Но все же то, что тебя запомнят такой, какой ты никогда не была, есть некий особый род забвения.
— Ты прав. Я просто имел в виду, что неплохо бы высказать это словами самой художницы: ее любовь к России, ее стремление сохранить древнюю традицию.
— Именно для этого я и послал тебя туда, Маркус. Рад, что мы поняли друг друга.
— Да. Конечно.
— Так что советую начать с Фудзиты. Он сейчас в большой цене.
— С Фудзиты. Хорошо.
— Послушай, если заскучаешь там, просто приезжай вечерком в Стокгольм, поужинаем или еще как развлечемся, хорошо?

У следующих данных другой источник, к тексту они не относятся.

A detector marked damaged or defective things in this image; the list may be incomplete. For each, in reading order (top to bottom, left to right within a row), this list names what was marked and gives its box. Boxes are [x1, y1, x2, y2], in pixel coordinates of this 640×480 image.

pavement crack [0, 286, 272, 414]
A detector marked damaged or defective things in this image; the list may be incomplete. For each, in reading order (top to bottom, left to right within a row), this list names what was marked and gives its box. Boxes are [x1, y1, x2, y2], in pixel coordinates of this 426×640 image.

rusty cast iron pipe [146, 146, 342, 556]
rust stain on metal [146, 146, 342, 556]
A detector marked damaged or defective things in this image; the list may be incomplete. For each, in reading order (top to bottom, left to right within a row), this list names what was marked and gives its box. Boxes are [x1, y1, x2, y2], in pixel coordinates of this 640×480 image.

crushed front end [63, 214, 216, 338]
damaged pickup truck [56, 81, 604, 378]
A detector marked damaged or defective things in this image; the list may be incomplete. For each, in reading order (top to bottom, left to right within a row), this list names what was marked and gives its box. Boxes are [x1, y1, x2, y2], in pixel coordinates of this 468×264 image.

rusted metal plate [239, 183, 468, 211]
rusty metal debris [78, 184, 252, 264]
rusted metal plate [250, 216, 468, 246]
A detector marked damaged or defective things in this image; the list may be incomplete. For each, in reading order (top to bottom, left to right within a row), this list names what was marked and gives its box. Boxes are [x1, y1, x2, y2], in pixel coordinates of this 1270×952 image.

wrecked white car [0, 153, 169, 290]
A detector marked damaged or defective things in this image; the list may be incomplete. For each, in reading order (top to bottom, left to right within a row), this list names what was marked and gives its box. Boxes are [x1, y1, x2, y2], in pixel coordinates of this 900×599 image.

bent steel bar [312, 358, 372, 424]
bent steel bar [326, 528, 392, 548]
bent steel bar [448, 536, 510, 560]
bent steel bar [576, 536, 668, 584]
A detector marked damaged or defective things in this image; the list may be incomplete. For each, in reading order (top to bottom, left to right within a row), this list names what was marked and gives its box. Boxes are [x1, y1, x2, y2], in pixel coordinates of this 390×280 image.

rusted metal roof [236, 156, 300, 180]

Корнелиус говорил примирительно, как будто чувствовал, что мог обидеть собеседника.
— Спасибо. Может, поймаю тебя на слове. Жаль, конечно, что Линдквист не разрешил мне ничего выносить из дома. Не понимаю я этого.
Корнелиус уже говорил с кем-то другим.
— Я тоже. Но все-таки он наш клиент Маркус, если на то пошло. А клиент всегда прав, не так ли?
10
Это были любовные письма. Письма и черновики писем на русском, французском, немецком, шведском, английском. На открытках, на бумаге с водяными знаками, на страницах, выдранных из блокнотов и дневников, нацарапанные на оборотах счетов из гостиниц и ресторанных меню, втиснутые между строк театральных программок. Некоторые были подписаны, датированы и адресованы. Другие не давали ни малейшего намека на личность автора или получателя, словно были написаны ради самого процесса и не были рассчитаны на то, что их когда-нибудь прочитают. Сквозь подчеркнутые бесстрастие и froideur [5]одних, как через бинт на открытой ране, сочились ярость и боль. Иные переполняло желание и надежды на новое начало где-нибудь, когда-нибудь.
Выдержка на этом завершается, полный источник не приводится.